En un comunicado de Downing Street, Starmer dijo que se necesitan nuevos poderes para proteger a la comunidad judía después del ataque con arma blanca, que señaló que 'no fue un hecho aislado'. Dos hombres judíos permanecen hospitalizados con heridas de arma blanca. 'El antisemitismo es un odio viejo, viejo', entonó, 'la historia muestra que las raíces son profundas, y si te das la vuelta, vuelve a crecer'. También criticó a las personas que marchan junto a los partidarios de Hamás sin denunciarlo, pero el gobierno se ha abstenido de respaldar una pausa en las marchas propalestinas, como sugirió Jonathan Hall, el revisor independiente de la legislación antiterrorista.
Hall, por su parte, ha pedido una pausa en las protestas propalestinas donde 'se incuba la demonización pública y el odio', argumentando que 'la demonización de los judíos, de Israel y de los sionistas conducirá a un ataque terrorista'. Reconoció que la motivación del sospechoso aún no se ha establecido, pero cree que hay una 'responsabilidad social' para reducir los riesgos y que el antisemitismo representa 'una emergencia de seguridad nacional'.

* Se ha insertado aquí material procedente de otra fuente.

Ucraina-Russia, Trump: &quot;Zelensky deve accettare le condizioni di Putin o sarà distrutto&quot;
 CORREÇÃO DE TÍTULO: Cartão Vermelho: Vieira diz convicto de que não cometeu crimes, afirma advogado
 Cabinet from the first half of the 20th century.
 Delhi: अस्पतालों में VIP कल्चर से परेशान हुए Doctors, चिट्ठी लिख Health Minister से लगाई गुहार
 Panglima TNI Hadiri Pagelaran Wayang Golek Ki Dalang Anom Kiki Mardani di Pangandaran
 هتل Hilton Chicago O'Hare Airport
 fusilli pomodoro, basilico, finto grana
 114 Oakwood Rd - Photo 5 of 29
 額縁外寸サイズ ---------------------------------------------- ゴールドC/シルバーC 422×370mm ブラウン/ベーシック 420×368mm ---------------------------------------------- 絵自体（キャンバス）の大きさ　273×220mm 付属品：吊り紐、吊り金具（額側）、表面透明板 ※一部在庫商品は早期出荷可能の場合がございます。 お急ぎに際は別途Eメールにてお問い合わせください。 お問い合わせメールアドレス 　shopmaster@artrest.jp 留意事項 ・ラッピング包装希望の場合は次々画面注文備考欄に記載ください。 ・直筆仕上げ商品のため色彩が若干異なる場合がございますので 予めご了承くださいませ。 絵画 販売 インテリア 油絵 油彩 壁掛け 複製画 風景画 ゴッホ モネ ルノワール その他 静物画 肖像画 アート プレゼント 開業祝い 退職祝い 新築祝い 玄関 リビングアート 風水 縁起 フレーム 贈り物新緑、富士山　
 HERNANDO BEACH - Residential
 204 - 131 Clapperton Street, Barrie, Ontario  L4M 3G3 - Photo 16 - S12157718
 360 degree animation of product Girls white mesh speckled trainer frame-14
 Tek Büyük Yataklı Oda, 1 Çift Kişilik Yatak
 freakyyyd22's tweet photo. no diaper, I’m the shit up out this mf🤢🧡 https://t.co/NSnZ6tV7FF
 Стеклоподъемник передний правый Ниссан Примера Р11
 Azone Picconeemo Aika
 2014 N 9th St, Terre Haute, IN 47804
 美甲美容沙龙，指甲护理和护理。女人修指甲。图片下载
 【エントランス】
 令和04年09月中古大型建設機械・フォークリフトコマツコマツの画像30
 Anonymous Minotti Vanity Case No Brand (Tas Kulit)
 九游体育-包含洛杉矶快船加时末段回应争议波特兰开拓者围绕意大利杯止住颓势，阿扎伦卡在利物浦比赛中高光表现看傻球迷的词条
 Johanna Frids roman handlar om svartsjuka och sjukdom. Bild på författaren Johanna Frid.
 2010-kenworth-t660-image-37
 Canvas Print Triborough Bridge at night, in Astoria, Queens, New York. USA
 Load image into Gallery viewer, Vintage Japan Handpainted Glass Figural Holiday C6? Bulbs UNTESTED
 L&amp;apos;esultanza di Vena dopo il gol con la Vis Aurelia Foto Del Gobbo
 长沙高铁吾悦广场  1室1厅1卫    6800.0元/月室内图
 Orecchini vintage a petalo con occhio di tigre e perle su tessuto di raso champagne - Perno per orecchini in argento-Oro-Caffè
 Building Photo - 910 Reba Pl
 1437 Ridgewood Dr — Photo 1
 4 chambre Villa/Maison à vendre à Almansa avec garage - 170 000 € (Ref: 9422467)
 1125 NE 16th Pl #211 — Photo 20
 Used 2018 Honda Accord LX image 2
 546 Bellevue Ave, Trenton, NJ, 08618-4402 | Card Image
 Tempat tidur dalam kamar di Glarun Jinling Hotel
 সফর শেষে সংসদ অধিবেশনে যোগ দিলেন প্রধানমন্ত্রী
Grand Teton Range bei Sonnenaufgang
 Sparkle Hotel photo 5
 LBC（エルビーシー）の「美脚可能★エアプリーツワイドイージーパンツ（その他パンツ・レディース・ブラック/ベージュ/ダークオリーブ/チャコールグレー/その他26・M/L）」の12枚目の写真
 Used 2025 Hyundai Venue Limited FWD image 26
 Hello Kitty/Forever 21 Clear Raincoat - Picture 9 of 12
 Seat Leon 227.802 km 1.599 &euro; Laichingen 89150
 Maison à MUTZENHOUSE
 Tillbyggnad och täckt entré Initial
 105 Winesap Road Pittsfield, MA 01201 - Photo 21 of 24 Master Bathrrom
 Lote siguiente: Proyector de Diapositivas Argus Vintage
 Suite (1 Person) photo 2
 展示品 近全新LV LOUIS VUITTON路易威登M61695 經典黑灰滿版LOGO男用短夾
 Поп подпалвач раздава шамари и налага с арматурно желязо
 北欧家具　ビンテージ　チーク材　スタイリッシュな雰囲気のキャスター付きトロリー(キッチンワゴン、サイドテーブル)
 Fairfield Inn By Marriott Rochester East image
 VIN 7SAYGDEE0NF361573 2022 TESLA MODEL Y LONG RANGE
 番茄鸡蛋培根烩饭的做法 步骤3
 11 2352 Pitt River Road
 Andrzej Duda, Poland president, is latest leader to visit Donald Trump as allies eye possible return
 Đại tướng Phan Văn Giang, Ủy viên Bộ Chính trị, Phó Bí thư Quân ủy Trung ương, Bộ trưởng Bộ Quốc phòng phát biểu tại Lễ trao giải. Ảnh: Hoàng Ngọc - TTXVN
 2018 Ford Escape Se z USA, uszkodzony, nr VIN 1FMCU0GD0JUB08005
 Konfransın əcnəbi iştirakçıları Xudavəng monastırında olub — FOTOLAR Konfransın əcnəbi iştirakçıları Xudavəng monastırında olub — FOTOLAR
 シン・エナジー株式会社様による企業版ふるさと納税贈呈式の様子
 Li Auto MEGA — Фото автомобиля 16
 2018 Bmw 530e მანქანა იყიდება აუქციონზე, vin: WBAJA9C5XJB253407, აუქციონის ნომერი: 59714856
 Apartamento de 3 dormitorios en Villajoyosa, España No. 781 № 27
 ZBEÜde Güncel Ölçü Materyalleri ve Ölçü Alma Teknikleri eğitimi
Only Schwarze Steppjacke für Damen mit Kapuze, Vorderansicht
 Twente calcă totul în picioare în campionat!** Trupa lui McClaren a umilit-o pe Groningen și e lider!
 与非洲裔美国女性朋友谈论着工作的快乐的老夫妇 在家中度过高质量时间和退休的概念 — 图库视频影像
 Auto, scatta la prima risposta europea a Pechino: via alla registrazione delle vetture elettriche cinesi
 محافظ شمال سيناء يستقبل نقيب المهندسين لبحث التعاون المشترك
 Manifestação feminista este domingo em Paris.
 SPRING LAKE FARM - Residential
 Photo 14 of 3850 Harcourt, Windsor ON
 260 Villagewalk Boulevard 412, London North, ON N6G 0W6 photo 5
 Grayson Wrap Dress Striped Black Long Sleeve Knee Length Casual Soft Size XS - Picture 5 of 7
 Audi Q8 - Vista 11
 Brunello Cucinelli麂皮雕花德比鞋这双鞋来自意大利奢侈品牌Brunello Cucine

El circo político continuó con la líder conservadora Kemi Badenoch visitando Golders Green y diciendo que la comunidad no siente que el gobierno esté haciendo lo suficiente. 'Se podía sentir el miedo que había en las calles', dijo a BBC Radio London. La ex primera ministra Theresa May intervino en X, coincidiendo con el rabino jefe Ephraim Mirvis en que 'las palabras de condena ya no son suficientes'. El alcalde de Londres, Sadiq Khan, dijo que los judíos londinenses 'quieren ver más acción, no palabras', señalando que la Met ha aumentado la vigilancia en Barnet durante las últimas cuatro semanas.
John Mann, el asesor independiente del gobierno sobre antisemitismo, declaró que los judíos británicos están en un 'punto de ruptura' y sienten que ya no pueden vivir seguros en el Reino Unido. 'No olviden que todos en la comunidad judía huyen de algún lugar', dijo el par laborista a Sky News. En un raro momento de unidad, varios imanes destacados, incluido el imán jefe de Escocia, Sayed Razawi, han 'condenado rotundamente' el ataque, uniéndose a los líderes judíos que firmaron los Acuerdos de Drumlanrig el año pasado para fortalecer las relaciones judeo-musulmanas.
Starmer también celebró una mesa redonda con los primeros intervinientes y líderes de Hatzola y Shomrim, un grupo de seguridad judío voluntario, a la que se unieron la secretaria de Interior, Shabana Mahmood, la diputada Sarah Sackman y el comisionado de la Met, Mark Rowley. Desde entonces, ha publicado en X que los judíos 'pertenecen aquí', añadiendo que el gobierno está 'tomando medidas inmediatas' con financiación mejorada para las patrullas y acelerando la legislación sobre actores estatales maliciosos.